Problem statement: Once you find the line with "DML Daily Facial" in the data below, transcribe exactly each line from there to the line with "Bartholomäberg | Blick auf Schruns", inclusive, and nothing else. Drop the pictures.

Material for this task:
[Start of section]

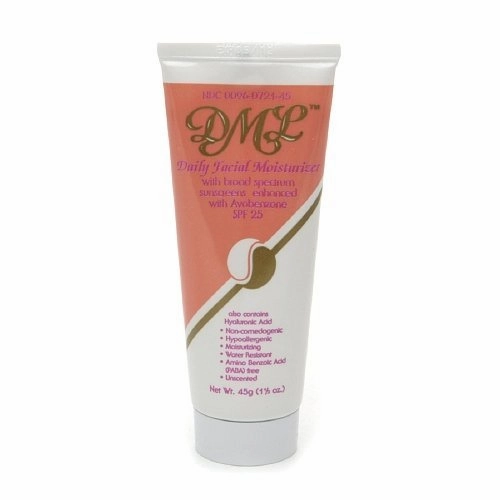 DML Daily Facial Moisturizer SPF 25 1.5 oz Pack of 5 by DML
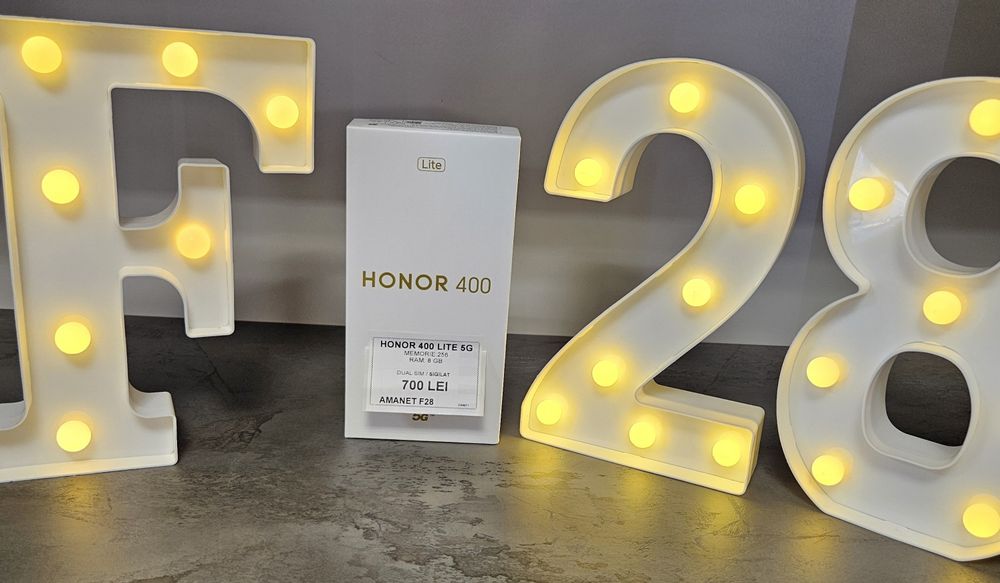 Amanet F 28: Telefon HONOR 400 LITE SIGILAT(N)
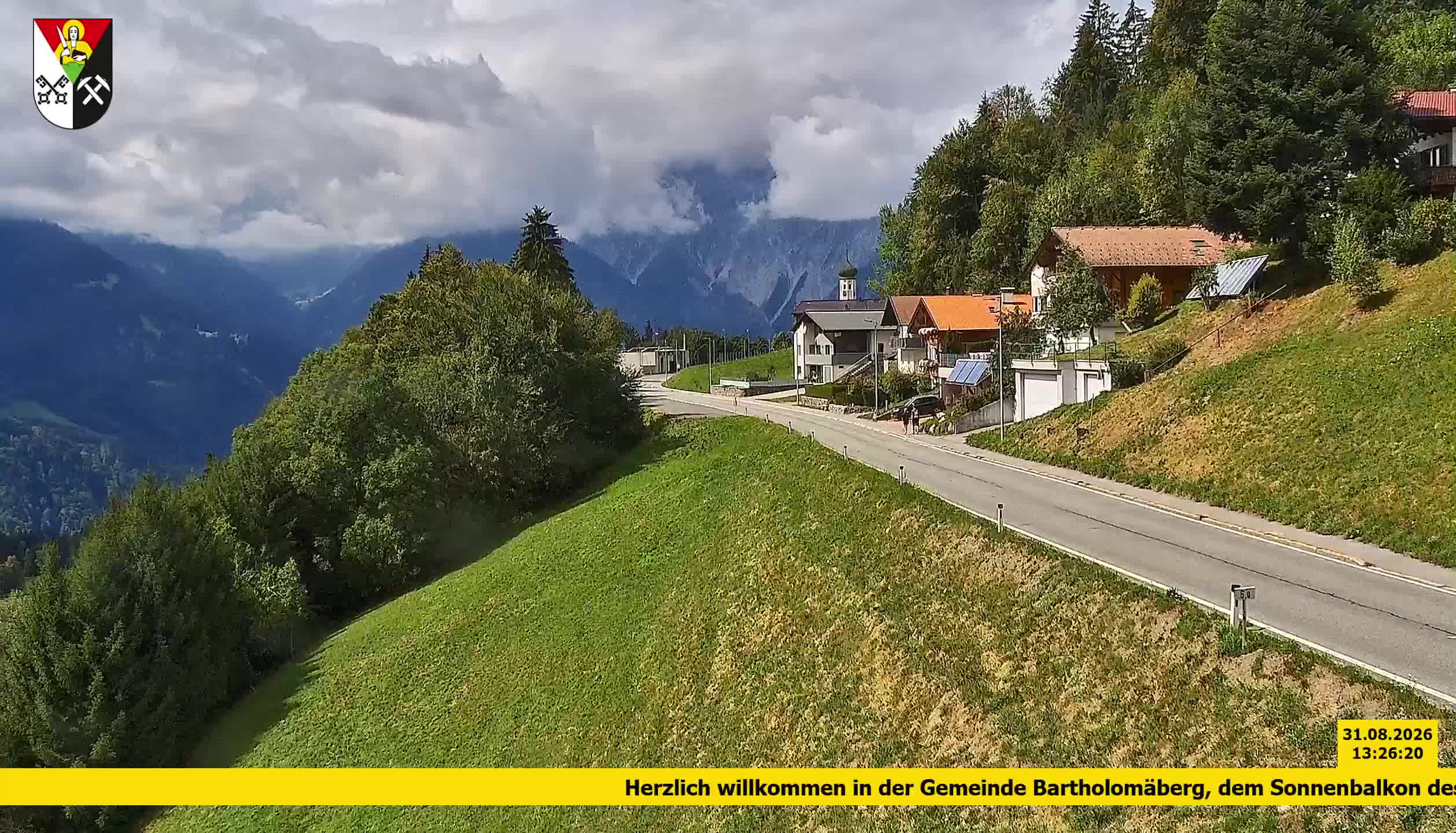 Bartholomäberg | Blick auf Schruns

[End of section]
[Start of section]

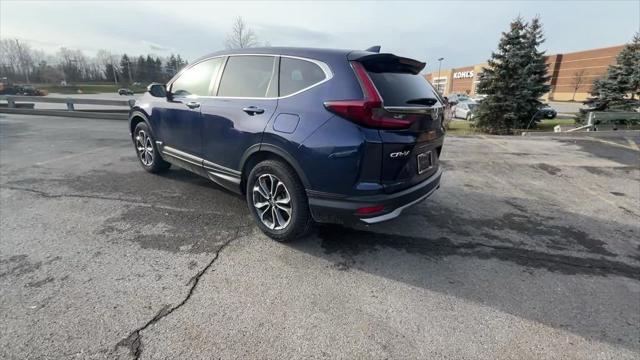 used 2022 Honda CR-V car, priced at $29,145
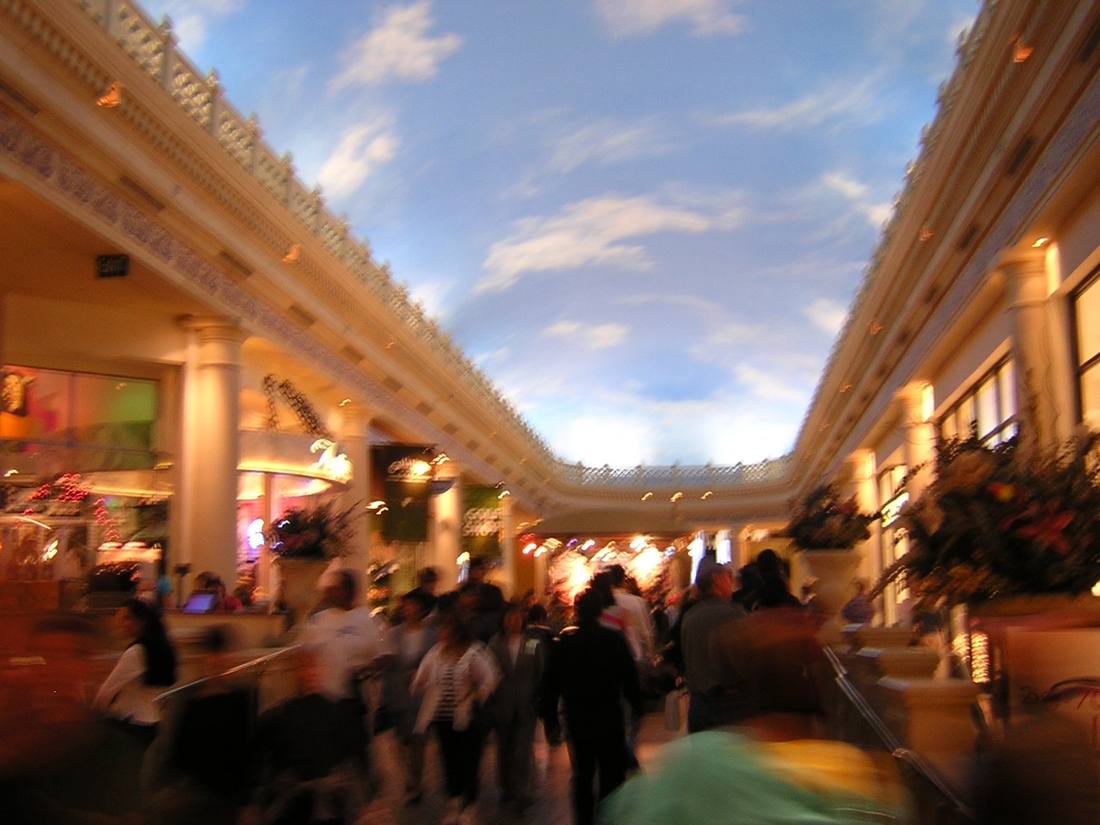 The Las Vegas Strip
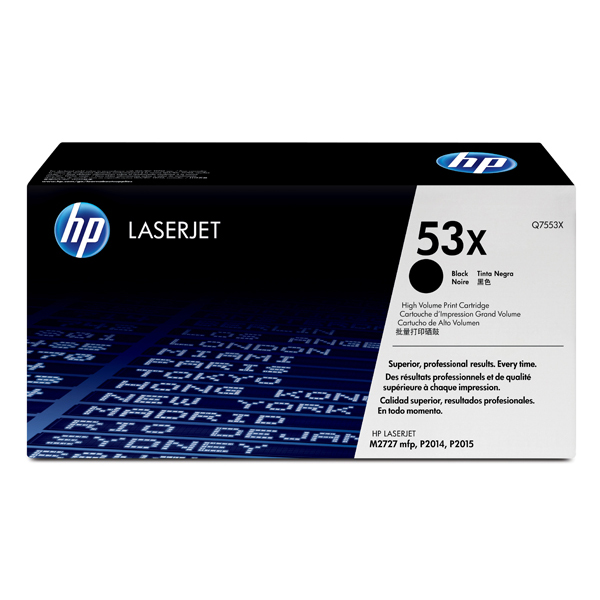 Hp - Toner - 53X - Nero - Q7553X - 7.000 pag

[End of section]
[Start of section]

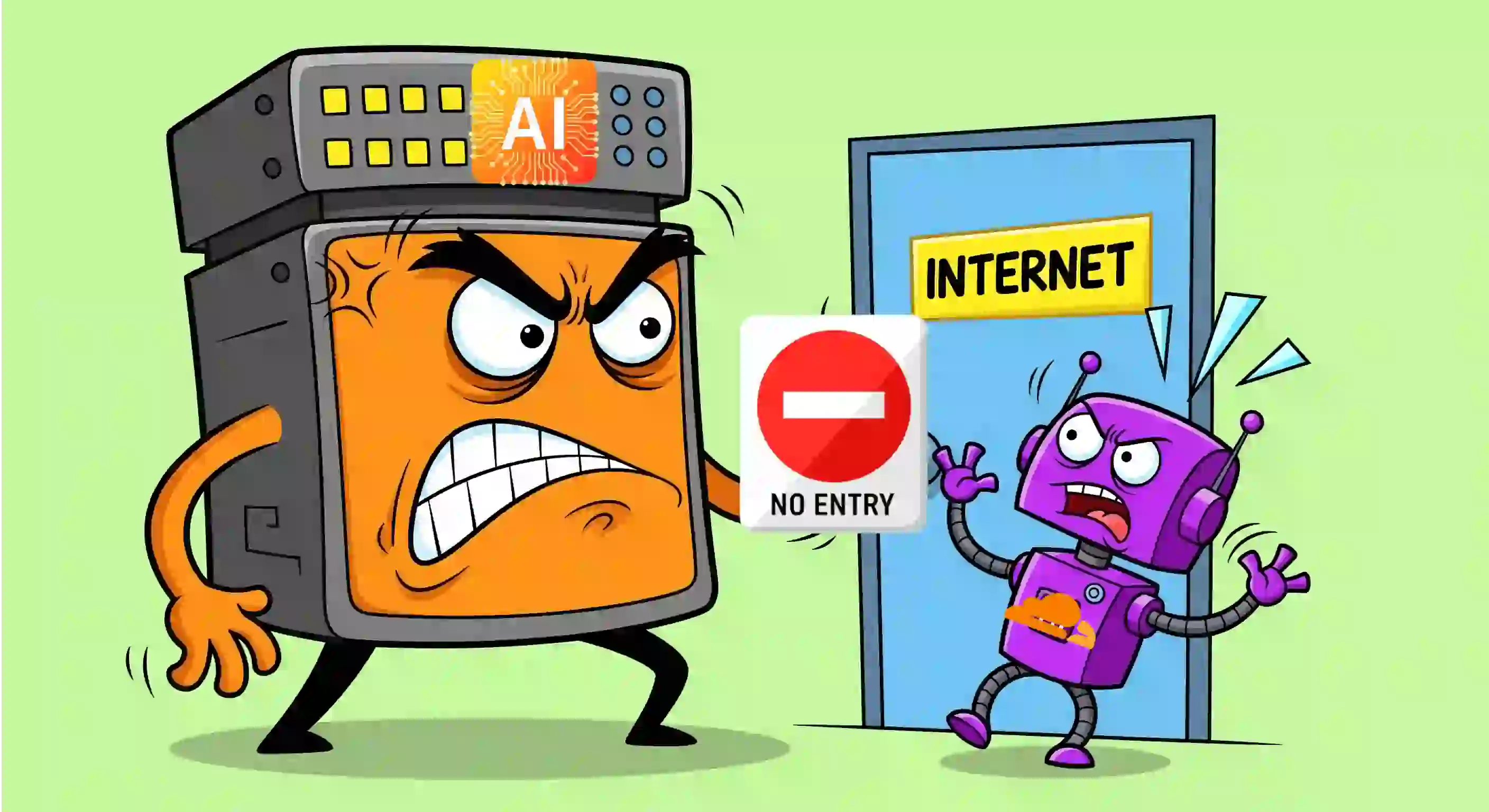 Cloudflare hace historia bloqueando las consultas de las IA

[End of section]

Output:
 DML Daily Facial Moisturizer SPF 25 1.5 oz Pack of 5 by DML
 Amanet F 28: Telefon HONOR 400 LITE SIGILAT(N)
 Bartholomäberg | Blick auf Schruns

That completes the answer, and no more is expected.